My heart went out to all of those involved, those who knew the fear, had a sense of what was coming, those who died just for being there, and those who died trying to save those in the wrong place at the wrong time. This country may be divided on many things, but I think we all feel the same about the events of this day. As a country, we were violated. We were raped. We were maimed. And after the reality of what had happened set in, we were outraged.

[I am sure many who live in other parts of the world wonder about American’s “false sense of security.”  They wonder why we feel we are above being attacked on our own soil. It’s not that we think we are above it all, it’s that except for the American Revolution and our own Civil War this is not part of our experience – particularly anyone alive today; that was not part of our everyday world. It has been mentioned in a few conversations I have had that our location on Earth with the Atlantic and Pacific Oceans separating and buffering us from Europe and Asia and the Middle East, have made us less of a target than many other countries. But if we were attached in land mass, things might very well be different. I don’t know, thoughts for another day, maybe. I have a few thoughts that might be for another day, but not for today.]

Today, on the anniversary of one of the worst days in the history of this country, I am bowing my head in respect, honor, reflection, sorrow, and prayer. I don’t mind telling you, I shed many tears as I wrote this. I can only hope this never happens here again . . .

I wish this kind of violence, murder, intimidation and oppression never happened anywhere, but I know that’s not even a pipe dream . . .
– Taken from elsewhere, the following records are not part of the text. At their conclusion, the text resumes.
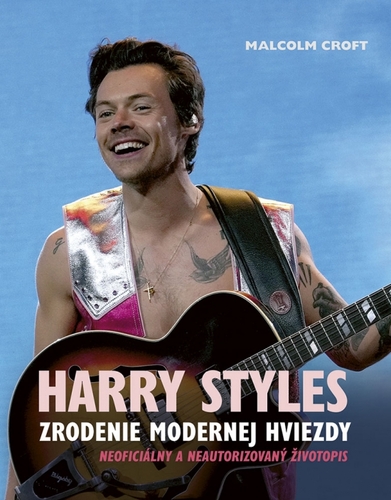 Kniha Harry Styles: Zrodenie modernej hviezdy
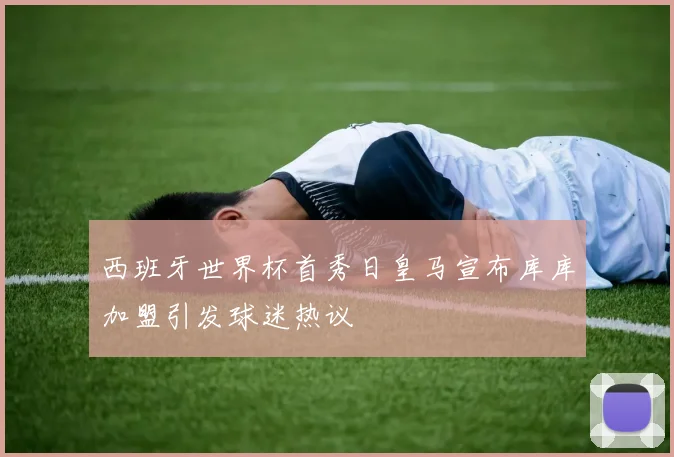 西班牙世界杯首秀日皇马宣布库库加盟引发球迷热议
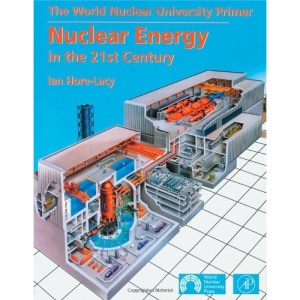 Nuclear Energy in the 21st Century: World Nuclear University Press: World Nuclear Association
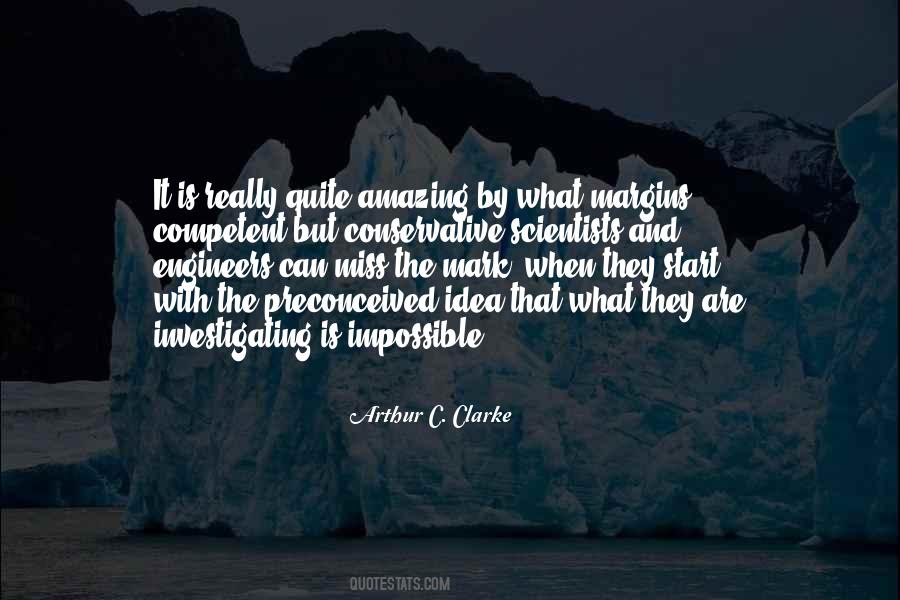 Quotes About Preconceived Ideas #1803197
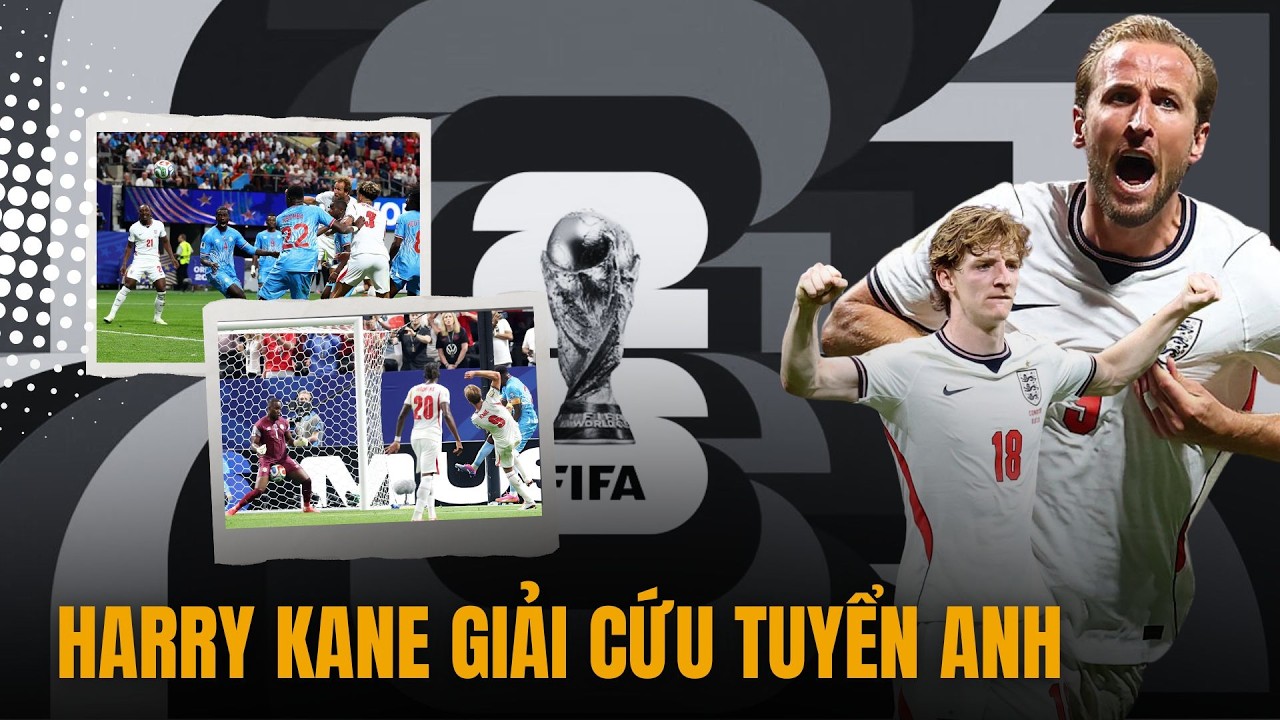 CHDC Congo Không Thua Tuyển Anh, Họ Thua Harry Kane | World Cup 2026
Just something I was thinking about today . . . Peace ☮ ~ ☮ ~ ☮
Just realized this is my 50th blog post!

24 thoughts on “A 9/11 Memory

    1. I was on the fence about writing about the day, but not long after I woke up, was just compelled. I believe I saw the video on FaceBook, and that was when I knew I had to write about. Tuesday Sept 11, 2001, did start out as just another beautiful day . . .


      1. I felt the same way when I woke up that morning. I hadn’t intended to write a post about 9-11. But then I couldn’t stop thinking about it and, like you, decided that I needed to write something.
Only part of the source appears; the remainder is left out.